Walter Hill, who did The Warriors and 48 hours, shot most of the film. He had to deal with a busted budget from the start. The android effects look ridiculous, and the producers kept making calls that make zero sense—like showing test audiences an unfinished cut with no special effects. Hill just got sick of the whole mess, walked away, and wouldn't come back. The studio dragged in Jack Sholder and even Francis Ford Coppola to try and fix what was left, but at that point, there wasn't anything left to save.
Highball (1997)
Noah Baumbach
Long before Noah Baumbach became "that guy" for family drama, he rounded up a bunch of friends—including Justine Bateman, Peter Bogdanovich, and himself—to shoot a Gen X comedy called Highball.

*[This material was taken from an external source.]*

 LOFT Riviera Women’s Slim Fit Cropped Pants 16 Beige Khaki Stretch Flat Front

The whole movie is basically three Brooklyn parties over a year, shot in less than a week, and it shows. Nobody had any money, nobody had time, and Baumbach basically lost all interest once filming was done.
He wanted the project buried. But five years later, a DVD release popped up anyway, with Baumbach's name nowhere in sight. Instead, they credited it to "Ernie Fusco"—another made-up director. Baumbach never wanted Highball out in the world, and honestly, it's easy to see why.
Catchfire (1990)
Dennis Hopper
Catchfire is a witness protection thriller from 1990, but most people remember it for the drama behind the camera more than anything onscreen. Dennis Hopper directed and starred, Jodie Foster was the lead, and it was a mess from the start. Foster and Hopper clashed so hard that she actually convinced Meryl Streep—who Hopper wanted for his next movie—to never work with him. That tells you everything.

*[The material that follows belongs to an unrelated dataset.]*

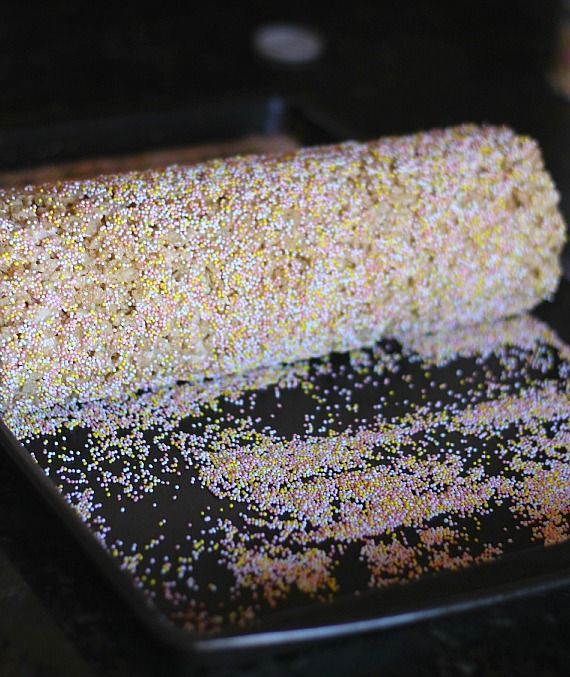 A sprinkle-covered log of rice krispie treats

The studio version bombed, and Hopper didn't even want his name on it. He used the classic Alan Smithee pseudonym and refused to promote the film. But he did go back later and put together his own director's cut, calling it Backtrack, adding 18 more minutes and a new ending. That version picked up a little cult interest, but for Jodie Foster, it's still one of the films she'd probably erase from her résumé if she could.
Woman Wanted (1999)
Kiefer Sutherland
By 1999, Kiefer Sutherland was already two movies into his directing career. After the hyperviolent Truth or Consequences, N.M., he tried something quieter with Woman Wanted—a love triangle drama with Oscar-winner Holly Hunter and Michael Moriarty. On paper, it looked promising: solid cast, some early festival love (it even won at the Slamdunk Film Festival, which tried to be Sundance's edgier cousin). But once Sutherland saw the final cut, he wanted nothing to do with it. The end result left him so unimpressed, he took his name off the project, hiding behind the old Alan Smithee label. That made him literally the last filmmaker of the 20th century to use the credit.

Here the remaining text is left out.